The trial occurred some months after the sales in question. The only identification of defendant by the witnesses was in the courtroom. Neither side tested the strength of the identification by asking whether the witnesses had been "primed" by viewing photographs before trial, so that the trial testimony may arguably have been essentially identifying defendant by relying on post-arrest photographs. Believing it was my obligation to help develop an important issue, I made such inquiry. The witness acknowledged viewing such a photograph. No objection was made by either side. When I began inquiry as to whether he had viewed a photo spread there was an objection, and at the urging of both sides I refrained from further inquiry. At the request of defendant, I subsequently told the jury to disregard any reference to photographs other than defendant's. Objection is made that my participation in the trial was excessive and prejudicial.

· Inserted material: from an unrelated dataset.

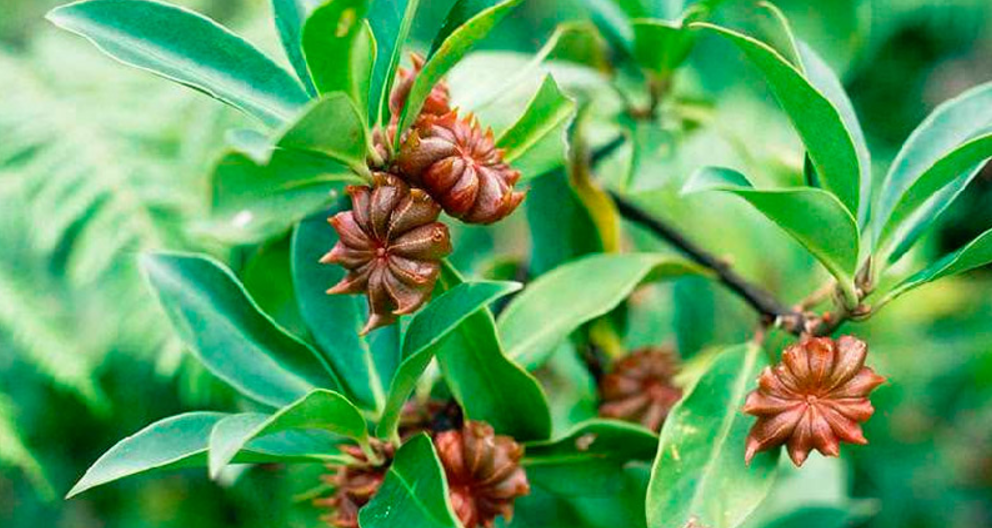 El anís estrellado: Más que una especia, un remedio natural para la salud articular y ósea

Prejudice to defendant is debatable. The most obvious point of the questioning was impeaching the Government witness; it turns out the trial testimony was arguably affected more by the post-arrest photograph than by viewing defendant at the time of purchasing crack. Some fact-finders might conclude the inquiry was helpful to the prosecution, however, in that it showed a prompt identification rather than one made after several months. My recollection of argument is that both sides avoided this apparently sensitive issue.

Different judges feel they have different responsibilities at trial. Some are fearful of excessively influencing jury consideration of the case, or fear appellate criticism or reversal. Others believe they have obligations to help the jury get at the truth, especially when counsel seem to be avoiding obvious questions. Still others may simply be tempted to get into the fray as advocates. It has been my practice to emphasize to the jury my neutral role, and to ask questions for clarification or to develop issues that would seem significant to a neutral observer. My intrusions are designed to be limited and temperate.

Further guidance from the court of appeals may be desirable, and apparently will occur here. I believe I have the support of precedent, however. An eloquent endorsement of judicial questioning in Simon v. United States, 123 F.2d 80, 83 (4th Cir.), cert. den., 314 U.S. 694, 62 S. Ct. 412, 86 L. Ed. 555 (1941), was cited in this circuit in Dusky v. United States, 271 F.2d 385, 399 (8th Cir. 1959). It has repeatedly been stated that a judge at trial is not a "`mere moderator'" (Llach v. United States, 739 F.2d 1322, 1329 (8th Cir.1984)), but has a distinct obligation to "`see that justice is done'." DeBenedetto v. Goodyear Tire & Rubber Co., 754 F.2d 512, 516 (4th Cir. 1985) (discussing juror questioning). See also United States v. Woods, 696 F.2d 566, 570-1 (8th Cir.1982).

The motion for new trial or for judgment of acquittal is hereby DENIED.

The motion to declare the Sentencing Reform Act unconstitutional is hereby DENIED.